Because a single random game is selected for each iteration, there is a strong correlation between the events in an iteration, so one has to be very careful in comparing different random variables when samples are drawn from highly correlated samples. Thus, I am measuring the standard error of the average of the total utility measurement for a team during an iteration. However, I have scaled the total and the error by a factor of 12,600 iterations, or the number of rounds in which a player is involved, such that the numbers below are in utility per round. On average, there is 144 utility available per round, or 48 per player. Some games have more or less utility.
Place | Team | Score+/-Standard Deviation |
---|---|---|
First | Rutgers | 50.397+/-0.022 |
Second | Harvard | 48.995+/-0.020 |
Third | Alberta | 48.815+/-0.022 |
Fourth | Brown | 48.760+/-0.023 |
Fifth | Pujara | 47.883+/-0.020 |
Sixth | BMJoe | 47.242+/-0.021 |
Seventh | Chapman | 45.943+/-0.019 |
Eighth | GATech | 45.271+/-0.021 |
Because of the correlations, I measured the utility difference per iteration (again scaled by 12,600) between two teams. Because a game can have more or less utility, and a third party may be better or worse at a certain game, this controls for these factors, providing a tighter analysis. Since there are 81,000 repeats, one can assume that the averages are roughly Gaussian, and so the z-scores tell the story of how accurate the measurements are.

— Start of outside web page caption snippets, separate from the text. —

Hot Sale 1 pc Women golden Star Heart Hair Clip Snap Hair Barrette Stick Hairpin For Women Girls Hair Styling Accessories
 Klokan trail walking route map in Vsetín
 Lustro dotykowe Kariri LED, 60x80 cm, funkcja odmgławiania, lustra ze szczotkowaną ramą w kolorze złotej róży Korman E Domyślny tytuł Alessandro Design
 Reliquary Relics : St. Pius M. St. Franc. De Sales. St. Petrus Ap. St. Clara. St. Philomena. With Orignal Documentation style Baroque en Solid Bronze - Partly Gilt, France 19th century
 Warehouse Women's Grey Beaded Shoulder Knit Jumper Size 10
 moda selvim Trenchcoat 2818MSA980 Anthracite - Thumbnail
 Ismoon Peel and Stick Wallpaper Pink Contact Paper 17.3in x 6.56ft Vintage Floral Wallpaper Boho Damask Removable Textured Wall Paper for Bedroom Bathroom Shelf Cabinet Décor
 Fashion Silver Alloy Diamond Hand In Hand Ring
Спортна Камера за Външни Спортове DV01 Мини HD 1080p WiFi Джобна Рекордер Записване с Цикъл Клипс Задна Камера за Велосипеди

To put this plainly, the chance of me getting a different result by re-running this competition is less than 1/300 for third and fourth, and far less than 1 in a million. Of course, such confidence says nothing about a compilation bug, configuration mistake, or other error that cannot be covered by re-running the experiment.
Pair | Score+/-Standard Error | z-score |
---|---|---|
Rutgers-Harvard | 1.402+/-0.007 | 204.855 |
Harvard-Alberta | 0.180+/-0.010 | 18.583 |
Alberta-Brown | 0.055+/-0.017 | 3.230 |
Brown-Pujara | 0.877+/-0.016 | 54.797 |
Pujara-BMJoe | 0.641+/-0.007 | 96.873 |
BMJoe-Chapman | 1.299+/-0.007 | 189.280 |
Chapman-GATech | 0.672+/-0.006 | 106.624 |
Finally, some high-level discussion of the meaning of the gaps: first of all, while there is a statistical difference between second and fourth place, and the techniques used were very different, there is still very little difference. More significant are the wider gaps between first and second, and the larger gaps found between bots below fourth. The most interesting question evoked by these numbers is to explain what distinguishes the Rutgers bot from the rest of the field.